5 questions clients ask before starting a home project 

Starting a home project often comes with a mix of excitement and uncertainty. Most of our clients are doing this for the first and probably only time, so the questions tend to be very similar. 

These are the five I’m asked most often, and how I usually answer them. 

 

1. “How much is this actually going to cost?” 

 

This is always the first question, and it’s the hardest one to answer in a neat sentence. 

The reality is that cost isn’t a single number, especially at the start. There’s the build cost, but there are also professional fees, surveys, planning, party wall matters, and client-supplied items that sit outside a builder’s quote. Those are often the things people don’t realise they need to budget for. 

What we focus on early is designing efficiently and realistically. I’m very conscious of not drawing something that looks great but costs two or three times what someone has to spend. If we listen properly to the brief and the budget from day one, we can avoid that. In recent years, this has gotten harder and harder to and we can still get it wrong.

 

2. “How long will the whole process take?” 

 

The build itself is often the most predictable part. 

For the kind of homes we work on, construction typically takes somewhere between seven and nine months. Larger or more complex projects might run longer, but it’s actually quite hard to build much faster than that once you factor in things like bespoke glazing lead times. 

What’s much harder to pin down is how long it takes to get from first instruction to starting on site. 

We generally advise allowing at least nine months for a proper design, planning, and procurement process. With shortcuts, that can sometimes be reduced to six months, but that usually introduces more risk. On average, twelve months is a sensible expectation. 

When projects take longer than that, it’s often because life gets in the way. Jobs change, families grow, priorities shift. That’s normal, but it’s worth being realistic about it from the outset. 

 

3. “Will you really listen to us, or will we get ‘your style’?” 

 

Listening is where everything starts for us. 

Our job isn’t to impose a look or chase a signature style. It’s to understand how you live, what matters to you, and what you can realistically afford, then design a home that responds to that. 

Listening also means not disappearing off on a tangent. We try very hard not to come back with something wildly different from the brief.  

A big part of listening is being honest. If something isn’t affordable or doesn’t make sense, I’ll say so early.
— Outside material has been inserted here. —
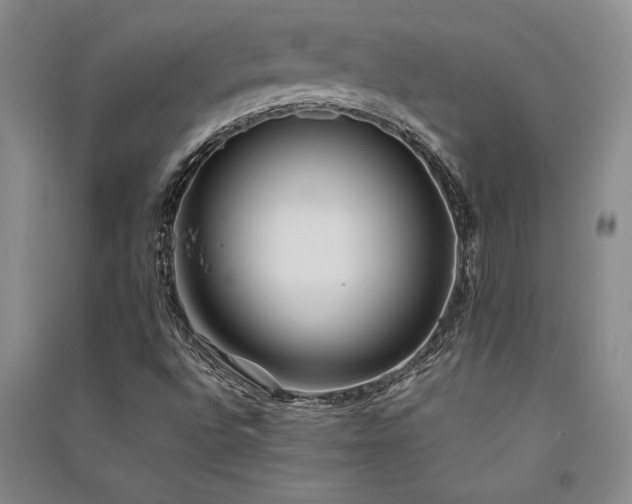X0000091521496200708171205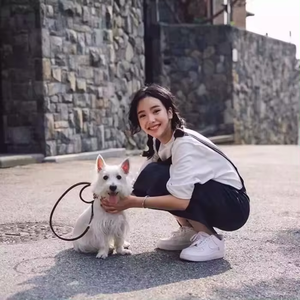 Sistema de Cerca Eléctrica Inalámbrica <span class=keywords><strong>Invisible</strong></span> para Perros, Ajustable, con Control Remoto, <span class=keywords><strong>Collar</strong></span> de Entrenamiento con Sonido y Descarga Eléctrica - Product Image 2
That’s not to limit ambition, it’s to make sure the process stays efficient and enjoyable for all of us. 

 

4. “Will a sustainable home cost more or mean compromises?” 

 

Sustainability and cost sit on a sliding scale. 

If you strip a house back to brick, replace everything, and install the most advanced systems, you’ll get excellent performance, but it can also cost a fortune and waste materials that still had a useful life. 
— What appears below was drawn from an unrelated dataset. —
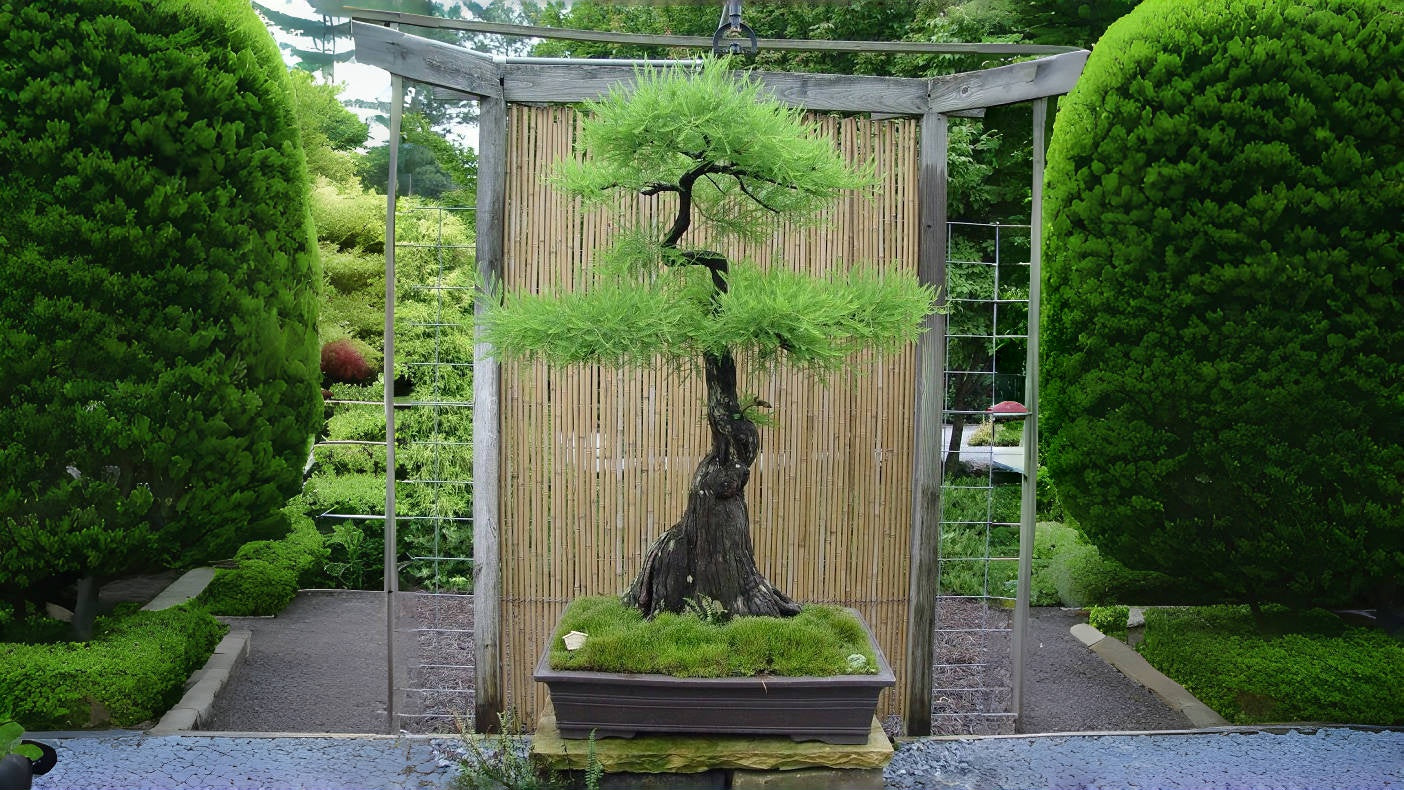 Benefits of Pond Cypress in a Pondscape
In many cases, that isn’t the right answer. 

We take a pragmatic approach. We look at the condition of the building and focus on the areas where intervention makes the most sense. That might be insulating the parts you’re already rebuilding, improving daylight, upgrading windows, or carefully specifying systems like heat pumps so they’re properly sized and actually work. 

A lot of the fear around sustainable technology comes from poor specification & installation rather than the technology itself.  
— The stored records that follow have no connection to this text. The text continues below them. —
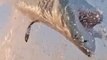 Un Grand requin blanc tente de gober une fausse otarie
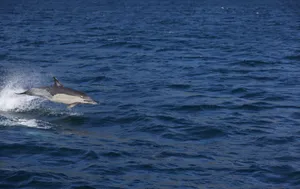 A bottlenose dolphin jumping above the vibrant blue ocean waves on a sunny day. jigsaw puzzle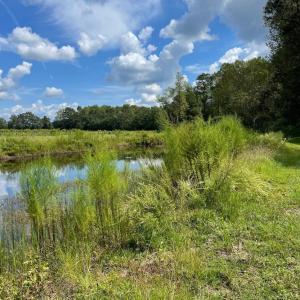 Photo #36 of 1717 Heritage Rd., Loris, SC 51.3 acres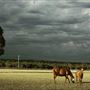Gold Front Breeding & Racing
Once we’ve designed the layout, we carry out a sustainability appraisal and talk through the options. That starts an honest conversation about aspirations, comfort, and budget, and helps find a sensible middle ground. 

 

5. “What do people usually underestimate?” 

 

Two things come up again and again. 

The first is the sheer number of decisions involved. People don’t always realise how many choices they’ll need to make, and how early some of those decisions need to happen. Making them while you’re already on site almost always increases stress and cost. 

The second is understanding roles. 

We’re often asked if we project manage. In a domestic setting, we don’t think this role exists. The builder manages the day-to-day construction and the build programme. Our role is to design the project, coordinate information, inspect the works, and administer the contract. Being clear about that from the start avoids misunderstandings later. 

 

A final thought 

 

Most of our clients are doing this for the first time. We do it every day. 

A big part of our role is explaining things that might feel obvious to us but are completely new to you. Good projects come from good listening in all directions.